On Wed, Jan 20, 2016 at 3:49 AM, Yvan Roux yvan.roux@linaro.org wrote:
I don't know how much distros were involved in the original design. Did they request the changes? Or was that an internal change? How do you guys get to decide when to break the world?
It appears that changes to the C++ standard forced the ABI change, and the addition of abi_tag was an attempt to support both C++ standard versions in parallel during the transition period.

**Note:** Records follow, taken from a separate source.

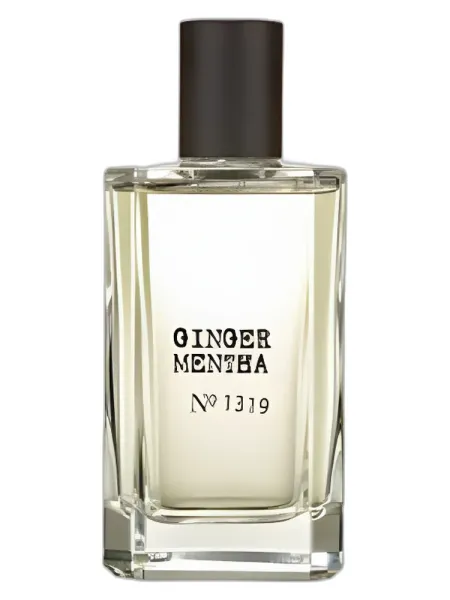 Frasco del perfume C.O.Bigelow Ginger Mentha No. 1319 C.O.Bigelow unisex Eau de Toilette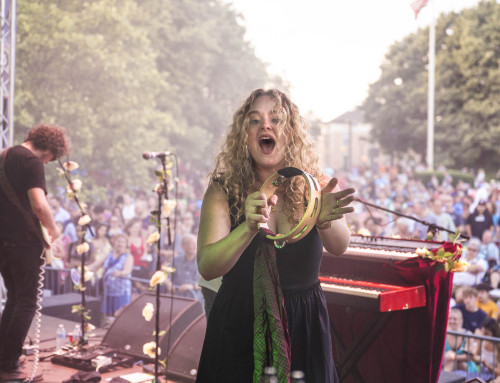 WTMD’s First Thursday Festival, July, 2023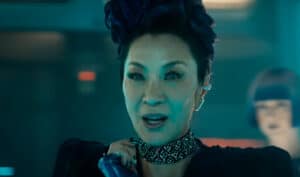 Michelle Yeoh in Star Trek Section 31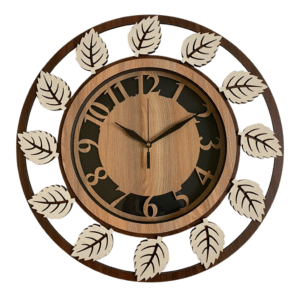 MDF Clock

I see a patch from Jason Merrill here https://gcc.gnu.org/ml/gcc-patches/2012-11/msg00475.html which says this was discussed at the GNU Cauldron in Prague in 2012. I was there, but I 'm not a C++ guy, so I don't recall this discussion. The GNU Cauldron is well attended by various distro contributors (Debian/Ubuntu, Red Hat, SuSE at least), so there should have been reasonable coverage at the time. I don't know if any clang representatives were present.
It appears that a complaint from doko started this mess. I see two parallel threads complaining about ABI incompatibilities between C++98 and C++11 right before the GNU Cauldron, one of which is from doko. https://gcc.gnu.org/ml/gcc/2012-06/msg00201.html https://gcc.gnu.org/ml/gcc/2012-06/msg00202.html
Then in July, I see a third thread started by Jason Merrill that seems to have the first suggestion of using an attribute to change mangling. https://gcc.gnu.org/ml/gcc/2012-07/msg00031.html
Then during the Cauldron, a summary of the C++ ABI BOF which I likely did not attend https://gcc.gnu.org/ml/gcc/2012-07/msg00098.html See in particular Ian's reply which has a lot more details about the proposed GNU solution. The initial message mentions HP and Sun solutions to this problem, but doesn't talk much about the GNU solution. This talk would have been attended by Ubuntu, Red Hat, and SuSE folks at least, so there should have been some agreement from the distros before we implemented a solution.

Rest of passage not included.